まったくもって突発で書いたお話です。「残照の日々」が終わったとき、柳が「クロエ姐さんがもっと書きたい!」と叫びのたうち回っていたのをご存知のかたもあろうかと思いますが、この8月のこと…池田聡さんの久々のCD「溺れる魚」がリリース、それに収録されていた「星あかりのオール」という曲にビビッときまして…
はい、書いてしまいました。
書いたはいいんですが、正直…隠し部屋送りにしようかと思いました。でも、間借り人に「kiss sceneくらいでオタついてんじゃない!」と莫迦にされまして、このシリーズに含めることにした次第。さすが万夏、こーいうコトには強気です。何なんでしょうこの敗北感。
クロエ姐さんはこの時既に典薬寮頭の地位にありまして、大神官リュドヴィックの命で戦の準備としての医薬品確保のために動いていました。一部は戦費に化けたのでしょうが、いくつかの島に分散して保管することで供給を絶やさないように手配していたのですね。でも、辺境の島に一人でいたのは半分休暇、というのは満更嘘でもありません。
クロエ姐さんは隠れもない反主流派の筆頭。リュドヴィックのやり方にあからさまな反撥を示したりしていたのですが、シェノレスのために働くこと自体を拒否することはない。戦をすることに全面的に賛成してるわけじゃないけど、自分の職務はこなす。そこには当然、相応の葛藤があって、なんだかぐちゃぐちゃしちゃったからすこし頭冷やしてくるわ、とある日突然出奔してしまいます。補佐官であるソランジュちゃんがわたわたする様子が目に見えるようですね。今回はその間のお話。

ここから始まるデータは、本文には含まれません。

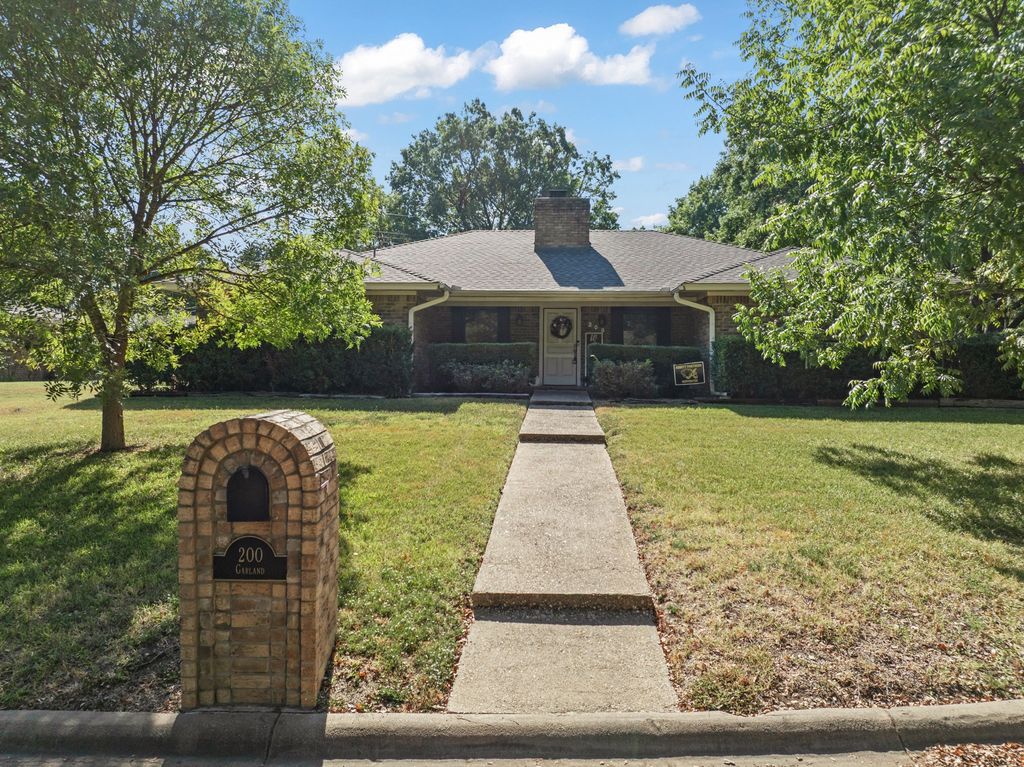 200 Garland Drive, Hillsboro, TX 76645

サーティスは…マキちゃんと旅してるとそこそこ紛れてるけど、まだ自分の中でセレスのことがきちんと解決していない。そんなときに、クロエ姐さんと出会ってしまった訳です。マキちゃんが「サティってば…黒髪でキリッとした女にヨワいんだから…私だって髪、黒いんだけどなー」とかなんとかボヤいてそうです。しかしマキちゃんもクロエ姐さんのことは気に入って、この後サーティス蹴っ飛ばしでシュテス島に着くまで姐さんのあとをついて回ってたというオチがつくのでした。

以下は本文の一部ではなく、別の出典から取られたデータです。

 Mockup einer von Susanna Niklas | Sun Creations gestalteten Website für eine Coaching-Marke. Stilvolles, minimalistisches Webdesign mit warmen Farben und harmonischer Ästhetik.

作中「汀」という言葉が頻出しますが…川・海・湖などの波の打ち寄せる所、要は波打ち際のことです。別の漢字でかくと「渚」。はい、賢明なる読者様には既におわかりですね。このお話の構成上どうしても必要なコトバなんですが、こっちの字を使ってしまうと…なんか話が別の方向へ引っ張られていきそうだったので敢えて今回「汀」の字を使用しています。

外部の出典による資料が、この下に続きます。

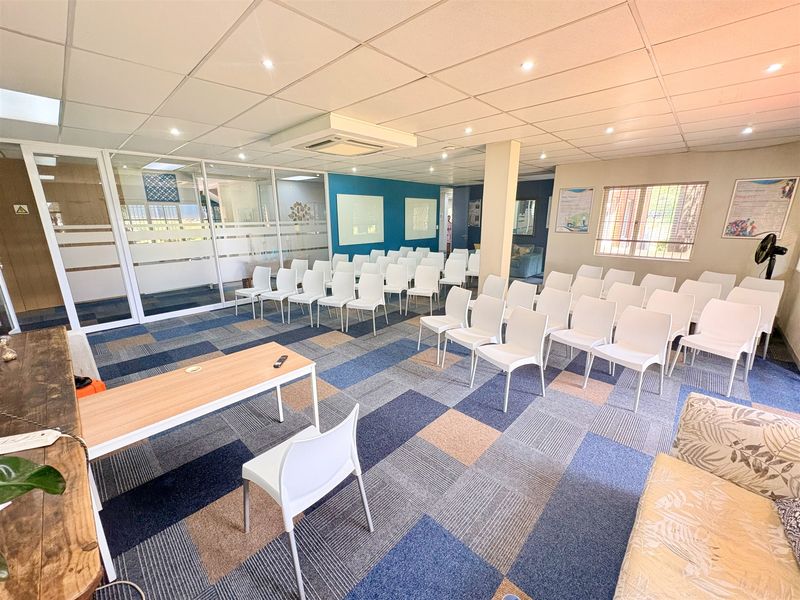 Office building to let in Bedfordview - Photo 7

柳の頭ん中では、昨今サーティスのCVがすっかり石田彰さんで定着してるので意味ないと言われりゃそうなのですが。 1
そういえばシンエヴァ、アマゾンプライムで配信始まりましたねえ…。
池田聡さんのNew CD「溺れる魚」は素敵です。是非一聴を。
不肖柳、届いたばかりのCDがすり切れそうな勢いで聴いてます。速攻でパソコンに突っ込んだし(書きながらエンドレスで聴くため)、車のミュージックサーバー(通勤時間だって無駄にしない!)にも入れました。 2
「星あかりのオール」は作詞が「濡れた髪のLonely」の松井五郎さんです。「いまさらの恋」「さよならよりもつらい別れ」の作詞家さんですね。しっとりした艶のあるストーリーを感じさせる詞が絶品でございます。その「星あかりー」に触発されたといいながらどーしてこんな話になるのか…あぁ(涙)(ごめんなさい)×n
扉絵はタイトルこそ「月あかりの海」なのですが、実は見る人が見るとすぐに判る加工品。柳の技術ではコレが限界でございます。本当はウミホタルのいる海にでも取材に行きたいとこでしたが、このご時世では如何ともしがたいですね。